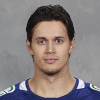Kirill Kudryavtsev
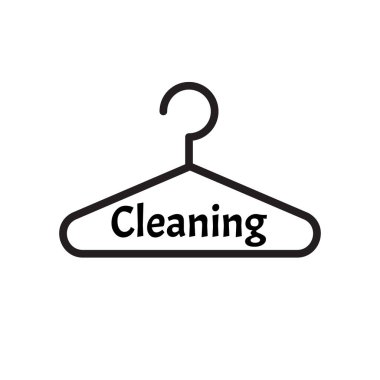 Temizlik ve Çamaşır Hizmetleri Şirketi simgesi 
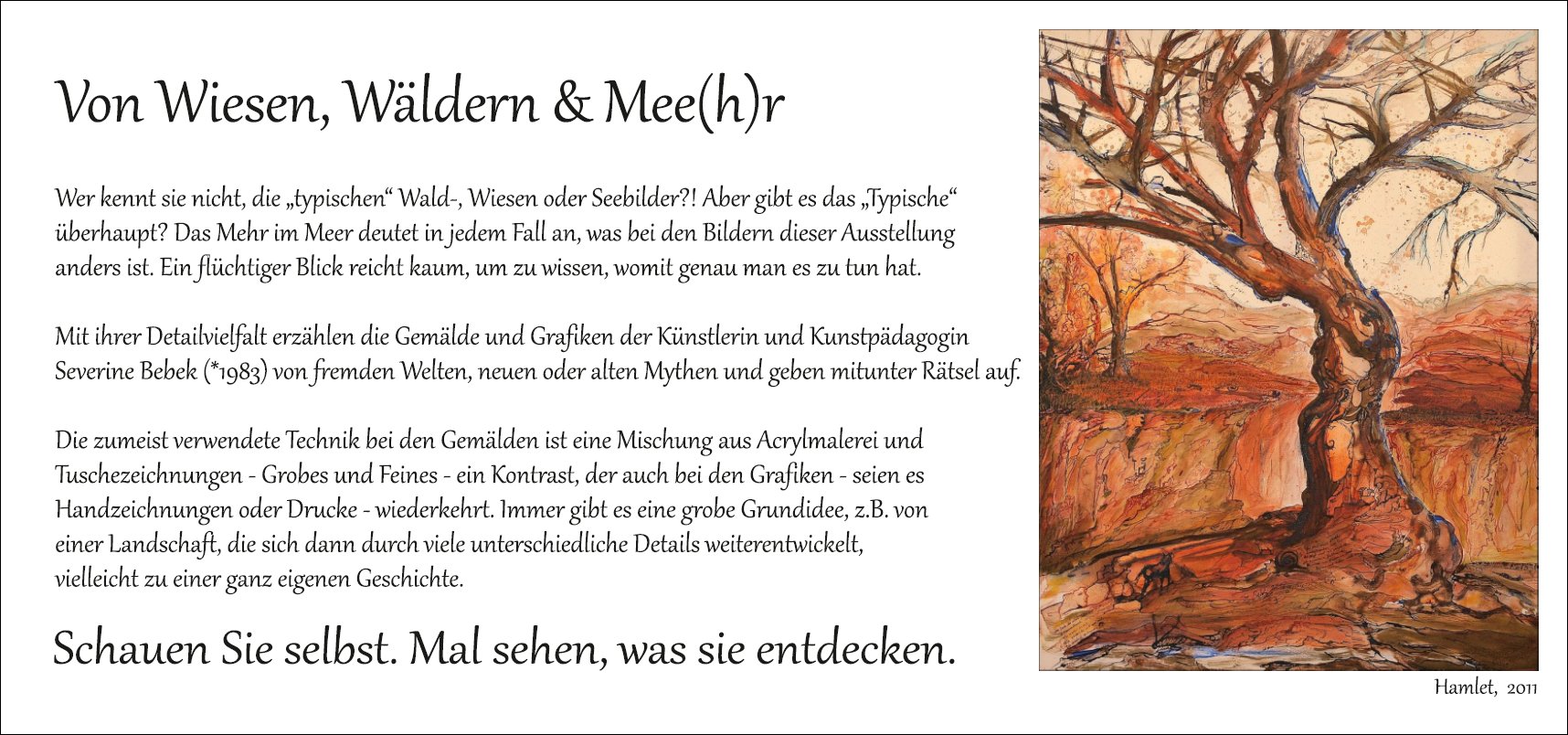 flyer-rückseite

# # # # #

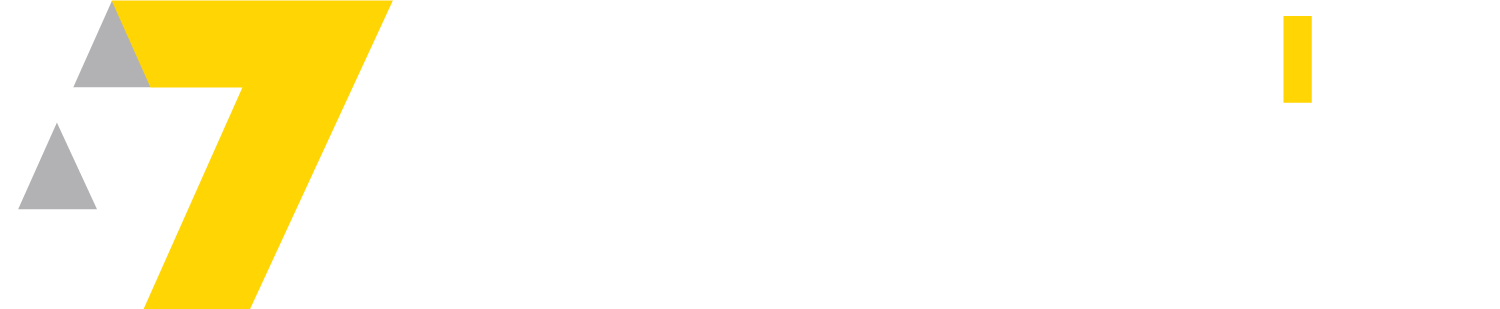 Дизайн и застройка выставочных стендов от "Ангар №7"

# # # # #

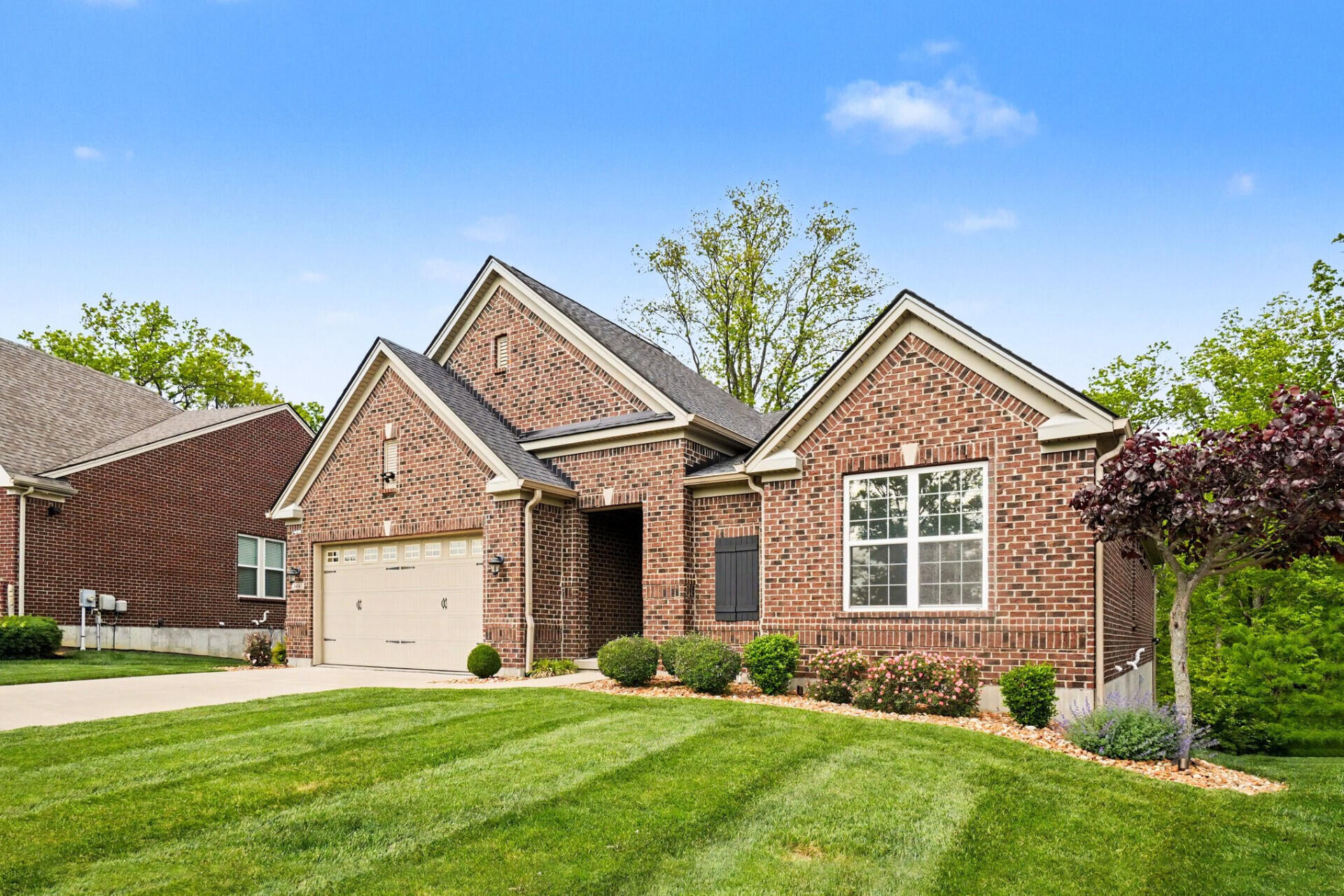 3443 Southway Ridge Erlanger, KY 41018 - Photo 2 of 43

# # # # #

WHAT YOU HAVE TO DO
The lines above from the line with "Kirill Kudryavtsev" through the line with "flyer-rückseite" are to be given again word for word, with no pictures among them.

TASK SOLUTION
Kirill Kudryavtsev
 Temizlik ve Çamaşır Hizmetleri Şirketi simgesi 
 flyer-rückseite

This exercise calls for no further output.